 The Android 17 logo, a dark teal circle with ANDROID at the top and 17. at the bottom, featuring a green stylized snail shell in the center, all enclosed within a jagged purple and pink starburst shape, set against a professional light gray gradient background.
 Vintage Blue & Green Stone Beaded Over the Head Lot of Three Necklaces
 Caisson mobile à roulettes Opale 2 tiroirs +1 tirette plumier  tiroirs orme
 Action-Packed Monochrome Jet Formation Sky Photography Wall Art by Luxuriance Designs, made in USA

__________________________________________________

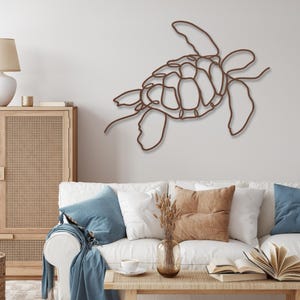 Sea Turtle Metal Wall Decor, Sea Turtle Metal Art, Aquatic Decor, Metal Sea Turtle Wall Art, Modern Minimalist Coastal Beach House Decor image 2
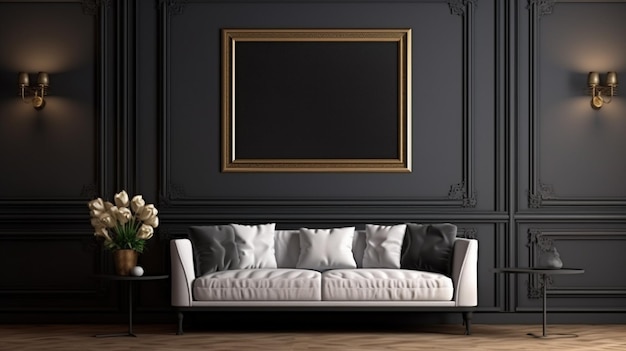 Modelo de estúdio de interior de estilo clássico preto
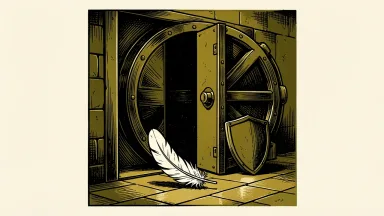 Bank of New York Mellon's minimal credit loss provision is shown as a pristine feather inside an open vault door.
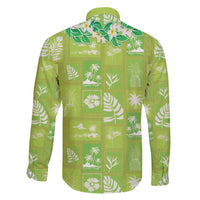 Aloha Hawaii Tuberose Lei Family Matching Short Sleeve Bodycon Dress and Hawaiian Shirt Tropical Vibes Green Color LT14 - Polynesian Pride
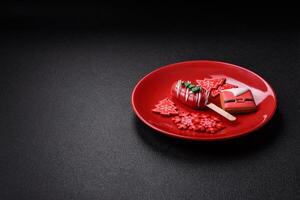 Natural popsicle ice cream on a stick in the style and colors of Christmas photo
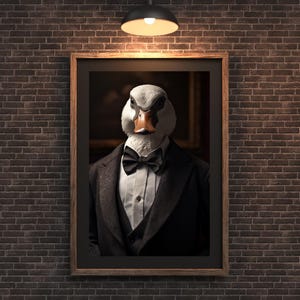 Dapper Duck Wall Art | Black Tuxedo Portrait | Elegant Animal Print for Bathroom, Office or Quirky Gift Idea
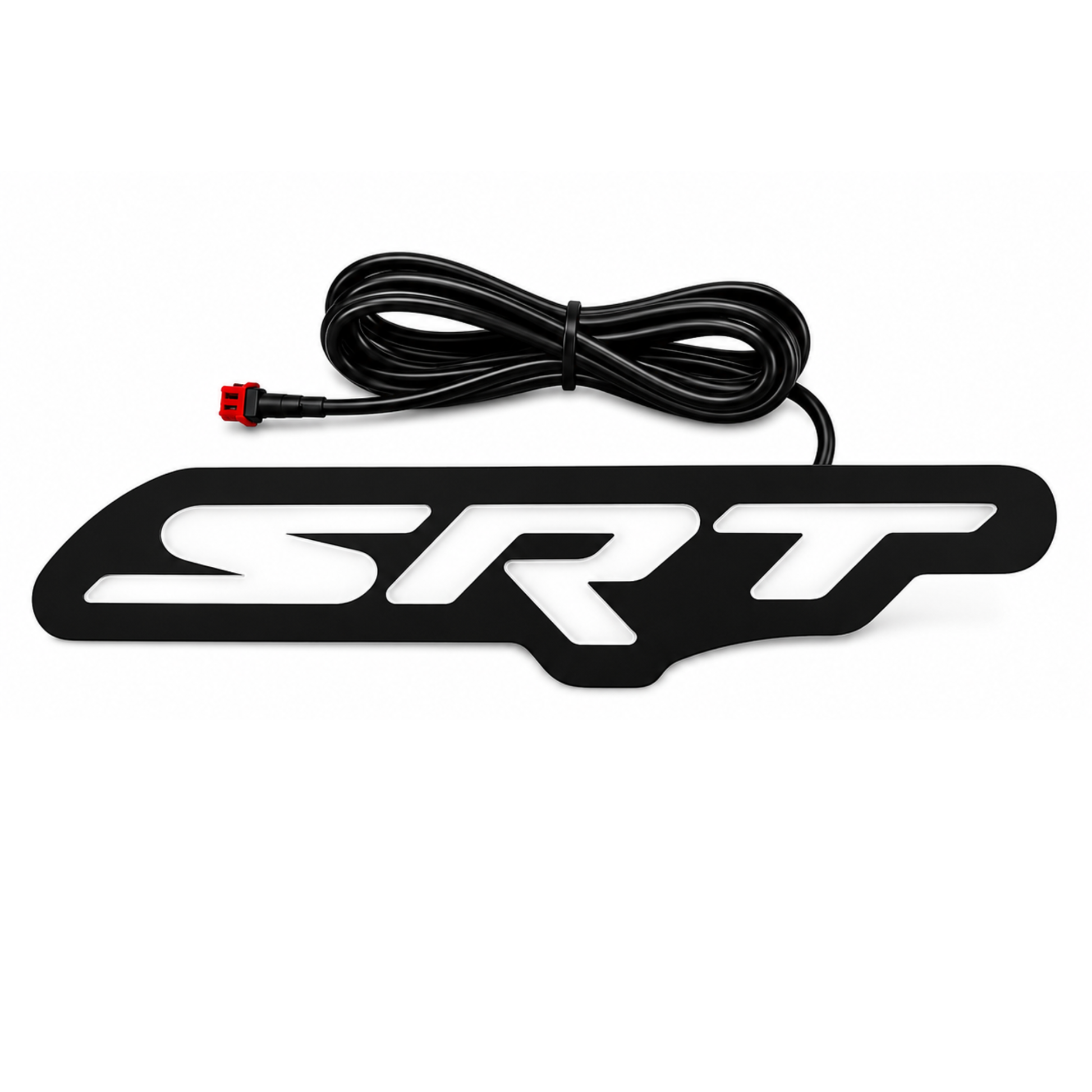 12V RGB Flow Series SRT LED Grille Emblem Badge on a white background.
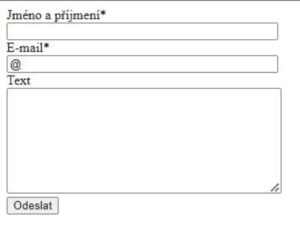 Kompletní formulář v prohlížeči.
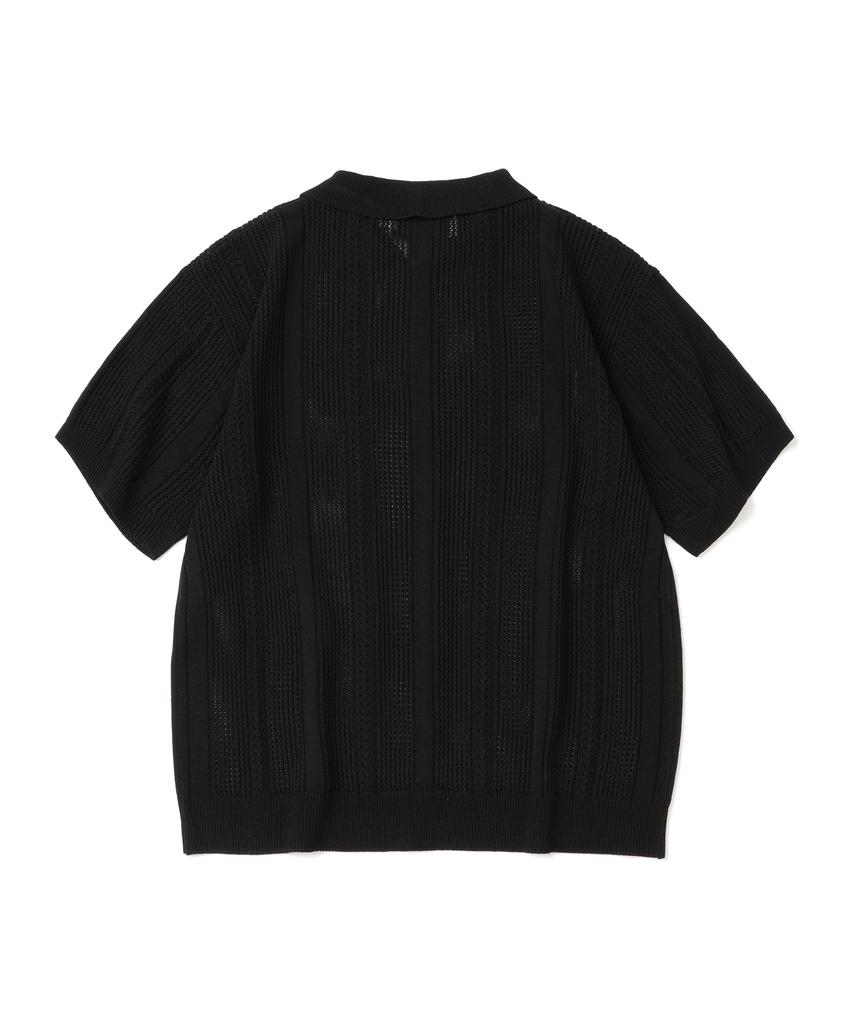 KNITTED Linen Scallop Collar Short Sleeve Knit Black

__________________________________________________

Set down exactly the lines above, from the line containing "Aloha Hawaii Tuberose" through the line containing "Natural popsicle ice". Skip the pictures.

| SOLUTION TO THE EXERCISE |
 Aloha Hawaii Tuberose Lei Family Matching Short Sleeve Bodycon Dress and Hawaiian Shirt Tropical Vibes Green Color LT14 - Polynesian Pride
 Natural popsicle ice cream on a stick in the style and colors of Christmas photo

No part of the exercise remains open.